L’Autriche obéissait au détestable esprit de 1815 et de la sainte-alliance quand elle empêchait les peuples allemands de suivre leur pente naturelle, et violentait dans la Prusse un des plus actifs représentans de la société moderne. Alors même qu’elle essayait de se régénérer pour son propre compte (et certes, depuis quinze ans, elle y a employé à maintes reprises les efforts les plus louables), chaque fois qu’un différend quelconque ramenait l’antagonisme des deux états, on voyait reparaître la tradition arrogante de la chancellerie impériale. Ceux qui ont suivi ces polémiques avec quelque attention ne me démentiront pas. Ce ton altier était devenu commun à toute la presse officielle. Quel mépris pour l’Allemagne du nord ! Je me rappelle un manifeste autrichien dont l’auteur s’écriait à propos d’une opinion exprimée par le cabinet de Vienne et discutée par le cabinet de Berlin : « Silence ! quand l’empereur a parlé, les margraves se taisent. » Le margrave, c’était le successeur de Frédéric le Grand. C’est ainsi qu’on effaçait d’un trait de plume cent cinquante ans de l’histoire d’Allemagne, le XVIIIe siècle et le XIXe. Incidens puérils, dira-ton, intempérances de la plume ! quelle polémique en est exempte ? Oh ! non pas ; c’était bien le fond de la pensée, le secret du système.
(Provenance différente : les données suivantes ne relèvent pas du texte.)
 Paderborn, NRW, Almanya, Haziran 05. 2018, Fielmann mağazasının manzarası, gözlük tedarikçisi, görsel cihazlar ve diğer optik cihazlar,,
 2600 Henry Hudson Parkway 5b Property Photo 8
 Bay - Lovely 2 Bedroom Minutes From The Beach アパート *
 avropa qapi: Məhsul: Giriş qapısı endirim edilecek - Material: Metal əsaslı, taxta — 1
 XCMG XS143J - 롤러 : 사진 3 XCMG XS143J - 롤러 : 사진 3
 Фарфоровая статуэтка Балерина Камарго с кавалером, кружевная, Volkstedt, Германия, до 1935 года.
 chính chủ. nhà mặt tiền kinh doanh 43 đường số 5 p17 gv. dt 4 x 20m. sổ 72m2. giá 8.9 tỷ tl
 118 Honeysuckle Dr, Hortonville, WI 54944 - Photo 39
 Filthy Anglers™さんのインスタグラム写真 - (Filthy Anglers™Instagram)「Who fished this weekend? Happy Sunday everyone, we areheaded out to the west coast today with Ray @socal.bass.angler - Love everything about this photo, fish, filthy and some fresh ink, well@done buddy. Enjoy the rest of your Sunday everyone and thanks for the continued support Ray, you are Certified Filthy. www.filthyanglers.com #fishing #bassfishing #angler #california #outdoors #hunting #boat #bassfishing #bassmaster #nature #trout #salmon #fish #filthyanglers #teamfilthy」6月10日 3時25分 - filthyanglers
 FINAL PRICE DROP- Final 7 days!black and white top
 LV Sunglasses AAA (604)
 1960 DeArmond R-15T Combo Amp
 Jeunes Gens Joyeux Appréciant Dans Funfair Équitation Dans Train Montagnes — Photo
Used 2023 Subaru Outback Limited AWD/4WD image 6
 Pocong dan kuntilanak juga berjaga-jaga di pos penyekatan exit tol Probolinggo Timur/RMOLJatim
Jusqu’au jour où M. de Bismark, avec les moyens qui lui sont propres et que je n’ai pas à juger en ce

  1. Je n’ai pas besoin de résumer une histoire encore présente à l’esprit de nos lecteurs ; toute cette période a été racontée ici même avec autant de loyauté que de précision par notre collaborateur et ami M. Julian Klaczko.